A few remarks about TWAS: 

1. TWAS can be interpreted as a special usage of Mendelian randomization. One might think TWAS can identify gene expressions that causally affect the phenotype, as MR does. But due to complications such as co-expression, this is generally not true. 

2. Standard TWAS analysis ignored the variability of the imputed expression data, which might induce inflated False positives. [Xue et al.](https://pubmed.ncbi.nlm.nih.gov/31821608/) examnined this query, and concludes that it is mostly fine. 

3. The weights for predicting gene expression are often obtained from GTEx, but would these weights as predictive across different ancestries? [Chen et al.](https://www.nature.com/articles/s41588-022-01282-x) presented a method that integrate multiple GWAS results to perform TWAS. But I think there are rooms for more methodology development. 


\pagebreak

### Topic 5: Fine-mapping  {#Topic5}

Fine-mapping attempts to find the posterior probability of a variant being causal. The initial analytical framework was introduced in [Maller et al](https://www.nature.com/articles/ng.2435), where a single variant is assumed to be causal among a locus. Fine-mapping algorithm follows a Bayesian framework: 

$$
y = G \lambda + \varepsilon, \text{where } \lambda = r b  
$$

# Incomplete...


In a [paper](https://www.nature.com/articles/s41588-021-00961-5) by Ding et al., they raised an interesting question about the uncertainty of PRS score for each individual. The rationale is that the effect size estimates are uncertain due to finite sample used in GWAS. When calculating PRS via aggregating effect sizes and genotypes, the effect size uncertainty would propagate and affect PRS. Here I attempt to replicate the simulation presented in Figure 1, and derive some quantities. 

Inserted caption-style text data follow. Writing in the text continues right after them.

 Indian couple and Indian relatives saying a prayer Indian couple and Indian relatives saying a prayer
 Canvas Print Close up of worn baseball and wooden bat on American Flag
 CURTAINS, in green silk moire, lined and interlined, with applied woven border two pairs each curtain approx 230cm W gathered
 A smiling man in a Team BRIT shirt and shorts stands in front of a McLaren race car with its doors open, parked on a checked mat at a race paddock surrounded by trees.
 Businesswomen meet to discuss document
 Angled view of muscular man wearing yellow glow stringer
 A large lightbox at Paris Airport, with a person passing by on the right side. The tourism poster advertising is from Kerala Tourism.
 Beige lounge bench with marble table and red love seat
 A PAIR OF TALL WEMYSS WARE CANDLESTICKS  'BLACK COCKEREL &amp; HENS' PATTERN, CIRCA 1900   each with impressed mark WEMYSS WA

Under infinitesimal model, and no LD, we assume the causal effect size $\lambda_j = \beta_j \sim N(0, h^2/M)$. Therefore, we have: 
1. $\hat \beta_j \mid \beta_j \sim N(\beta_j, \frac{1}{N})$.  
2. The posterior distribution is $\beta_j \mid \hat \beta_j \sim N((1 + \frac{M}{h^2 N})^{-1}\hat \beta, \frac{1}{N}(1 + \frac{M}{h^2N})^{-1}  )$

*Observation*: this formulation is almost identical to PRS-CS paper, with the except that it didn't consider LD structure. 


**Topics to explore**:

1. Statistical geneticists like to use the reference panel as an alternative to individual level data. For this quantity to hold, we must have the LD panel $R$ close enough to in-sample LD. However, this might not always work, as the realization of a random matrix can be quite different. Some simulation reveals that GWAS results with LD panel can differ by 40%, sometimes with different signs. 

2. Co-expression gene network explained by LD

3. Apply SKAT on imputed expression, or access heritability explained by imputed expression, or genetic correlation.